IT interviewers: fuck you

Contracts require a significantly different soft skillset at interview. And before and after it, for that matter. And a basic understanding of the legal landscape. What follows is just me thinking out loud; it may be useless to you.

My success rate at interview hovers around 50%, and I'm missing some fairly significant technical skills I really should have (front-end is a foreign country, and they do things differently there). I don't say this to boast (I recently had a three month dry spell that got me pretty nervous) but rather to support my advice:

Job hunting is a sales process, not a technical process, and most of us don't have sales experience. You've got a sales funnel, you shovel leads in at the top, and eventually a gig pops out the bottom. Thinking of it as a sales process might free you up to step outside what people think of as "the interview process" - do follow-ups! Cultivate personal relationships! Control the meeting agenda! Advertise!
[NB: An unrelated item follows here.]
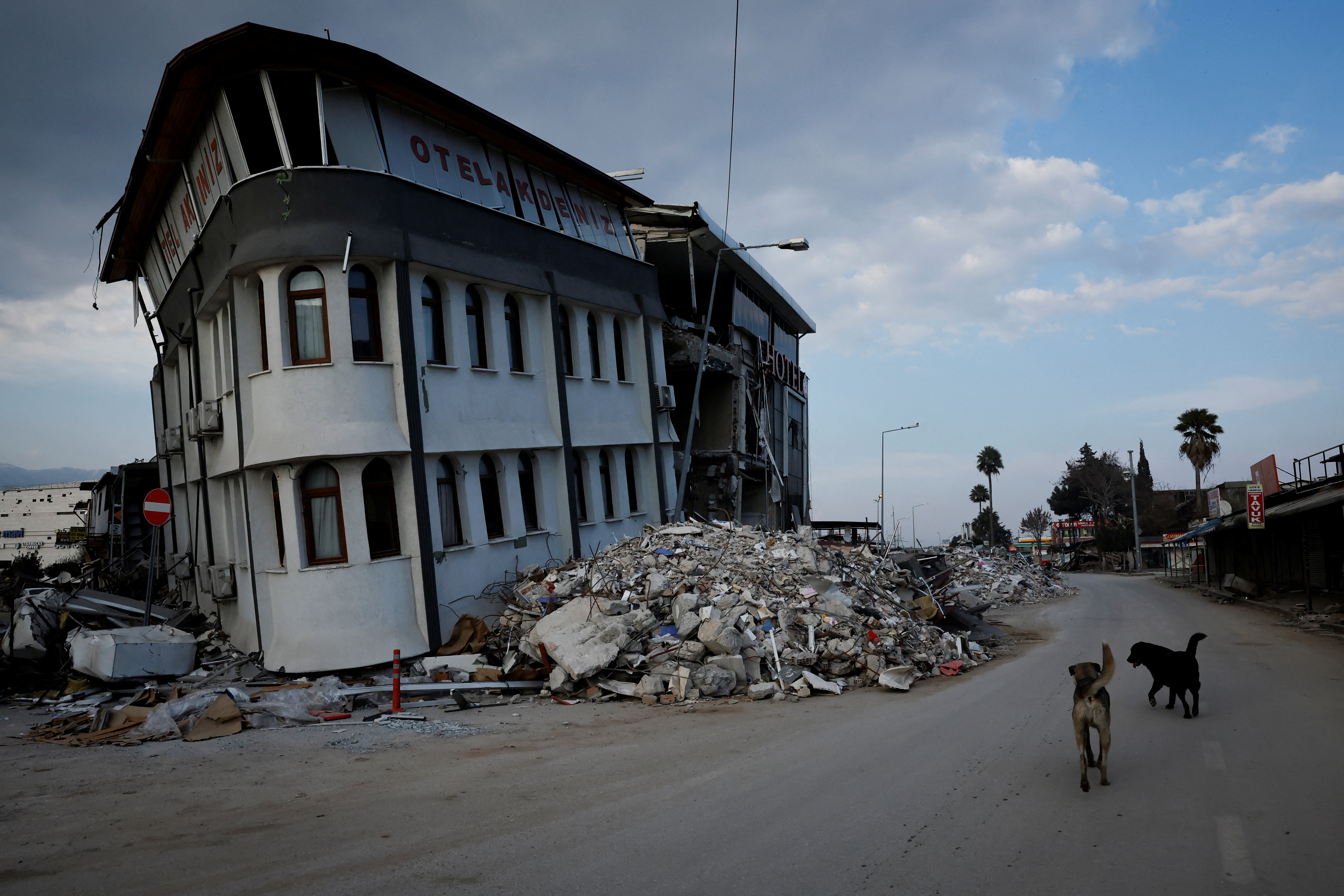 A boy's arduous steps on prosthetic legs after Turkey's earthquake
Be comfortable losing three quarters of the leads at each step of the funnel - this is normal. I actively reject a lot of leads earlier in the process (I don't want your no-name company on my CV, I don't do technical tests, I don't do agencies, etc etc) and I think that winnowing gives me a better success rate at the bottom of the funnel.
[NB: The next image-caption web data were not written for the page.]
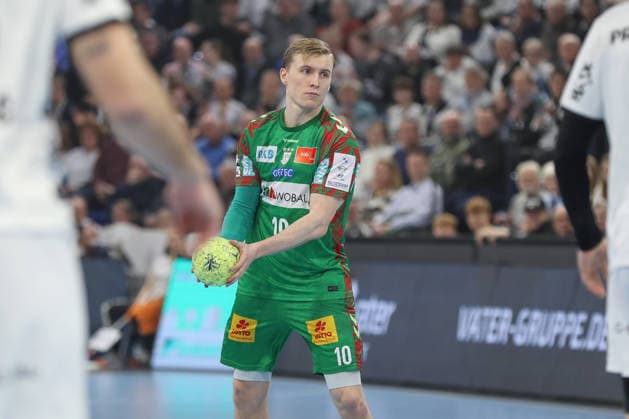 15.02.2026, xgox, Handball - Daikin HBL THW Kiel - SC Magdeburg emspor, v.l. Gisli Thorgeir Kristjansson (Magdeburg, 10) am Ball, plays the ball Kiel
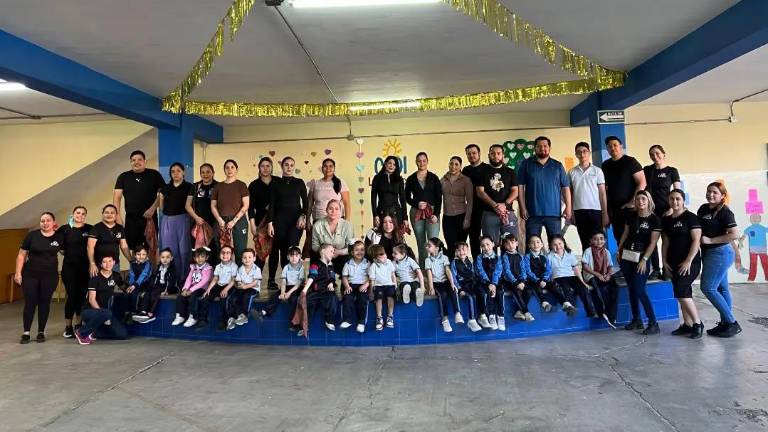 Papás e hijos participan.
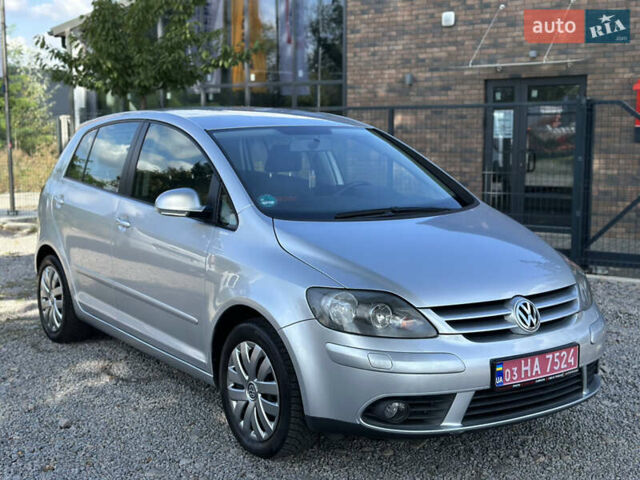 Серый Фольксваген Гольф Плюс, объемом двигателя 1.6 л и пробегом 221 тыс. км за 6400 $, фото 2 на Automoto.ua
Your CV is a marketing document, a response to an RfP (this doesn't seem to be a problem for you).

Your interview is a sales pitch. This is where you're doing something wrong (and to be clear, it's you doing something wrong, not the customer - you're the salesman, this is all on you). But that's ok, it just means your funnel needs a little tweaking because you're losing too many leads at this point. Rejecting obvious bad fits earlier in the process may actually work for you. Ditto considering a larger geographic area (I'm open to the whole of England and Wales).
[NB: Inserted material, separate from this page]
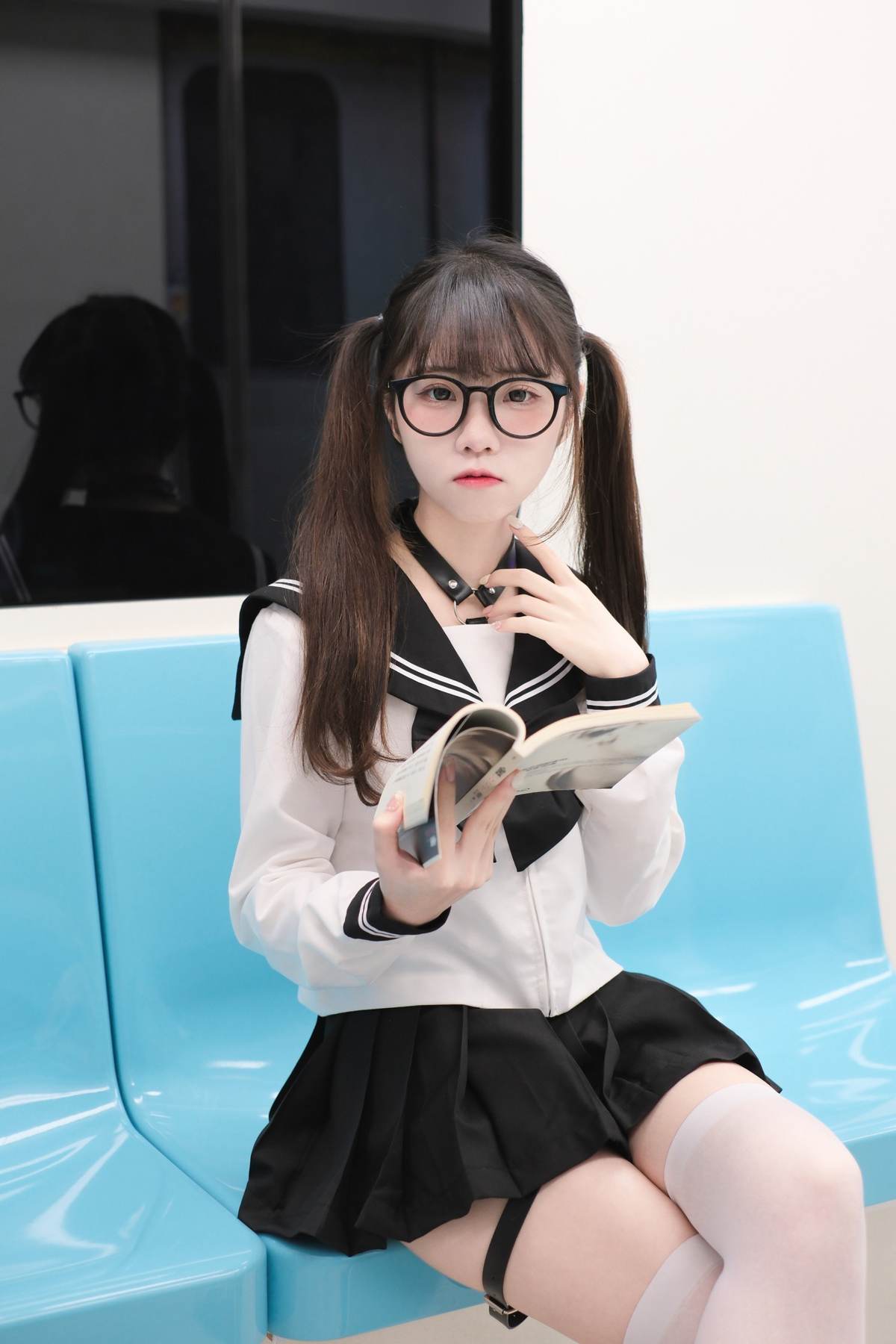 可可小白兔 – 電車上の女高中生 70P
My approach at the interview stage is to identify the problems the client has (which means I have to question the client, not the other way around), then explain how I offer a solution (preferably with supporting examples culled from my work history - think of them as war stories, and have a bunch memorised so they're easy to call on). A successful interview, for me, is one where I've broken out of the "they ask a question, I answer it" pattern, and gotten closer to a back-and-forth conversation where we figure out how to solve their problems together. This is a very analytical, techie approach to sales, and there are probably better ways of doing it, but this works for me.

On whiteboard questions: your goal isn't to solve the problem on the whiteboard, that's only secondary. Think about how programmers use whiteboards in their jobs. They use them to sketch solutions for other programmers, and to collaborate. If you can get the interviewer to collaborate with you on a solution - if the pen starts going back and forth between you while you sketch out possible solutions - I guarantee you the job's in the bag. You've proved you're someone they can collaborate with, which is the clearest possible indicator that you'll be a good team member. How to get the interviewer out of their seat, how to get the pen going back and forth between you, that's the real problem you're trying to solve in a whiteboard exercise.

On personal fit: the question in the back of the interviewer's head is "can I stand to spend more time with this person than I spend with my spouse for the next three years of my life?" You need to get over this "I can't be at ease for 90 minutes because capitalism" mental block and just do it. Have you considered interview coaching and practice interviews? The first might get you honest feedback, the second might put you at ease.